This project builds upon previous efforts examining reproducibility of psychological primary study effect sizes and associated meta-analytic outcomes. In the first part, we considered effect sizes reported in 33 randomly chosen meta-analytic articles from psychology, and searched for the corresponding primary study articles to examine whether we could recompute 500 effect sizes reported in the meta-analytic articles; we refer to this as *primary study effect size reproducibility*. In the second part, we considered if correcting any errors in these primary study effect sizes affected main meta-analytic outcomes. Specifically, we looked at the estimate of the average effect size and its confidence interval, and heterogeneity parameter *τ*^{2}. We refer to this as *meta-analysis reproducibility*. Although we acknowledge that more aspects in a meta-analysis could be checked for reproducibility (e.g., search strategy, application of inclusion and exclusion criteria), we focus here on the effect sizes and analyses thereof. While primary study effect size reproducibility is important for assessing the accuracy of the specific effect size calculations, meta-analytic reproducibility bears on the overall conclusions drawn from the meta-analysis. Without appropriate reporting on what was done and what results were found it is untenable to determine the validity of the meta-analytic results and conclusion [16].
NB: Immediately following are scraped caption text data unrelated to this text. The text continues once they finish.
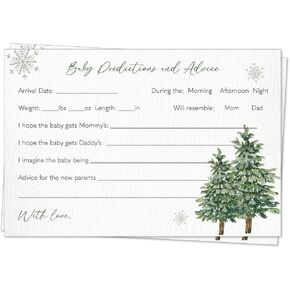 The Invite Lady Winter Baby Shower Predictions for Baby and Advice and Wishes for Parents Baby It's Cold Outside Games Activities Outdoors Trees Nature Green Snowflakes Snowfall (24 count)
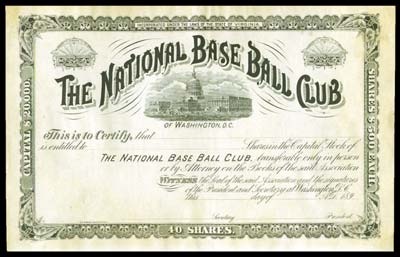 Sports Autographs - 1890's Washington Baseball Stock Certificate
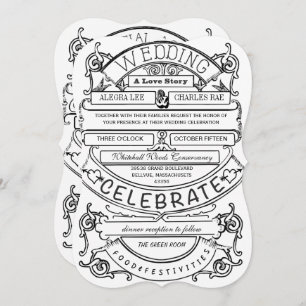 Invitación Chalkboard Vintage Boda de tipografía moderna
## Part 1: Primary study effect size reproducibility

In Part 1, we documented primary study effect sizes as they are reported in meta-analyses (i.e., in a data table) and attempted to reproduce them based on the calculation methods specified in the meta-analysis and the estimates reported in the primary study articles. There exist several reasons why primary study effect sizes might not be reproducible. First, the primary study article may lack sufficient information to reproduce the effect size (e.g., missing standard deviations). Second, it might be unclear which information from the primary study was used to compute the effect size. That is, multiple statistical results may be reported in the paper, and ambiguous reporting in the meta-analytic paper might obscure which information from the primary study was used in the computation or which calculation steps were performed to standardize the effect size. Finally, it could also be that retrieval, calculation, or reporting errors were made during the meta-analysis.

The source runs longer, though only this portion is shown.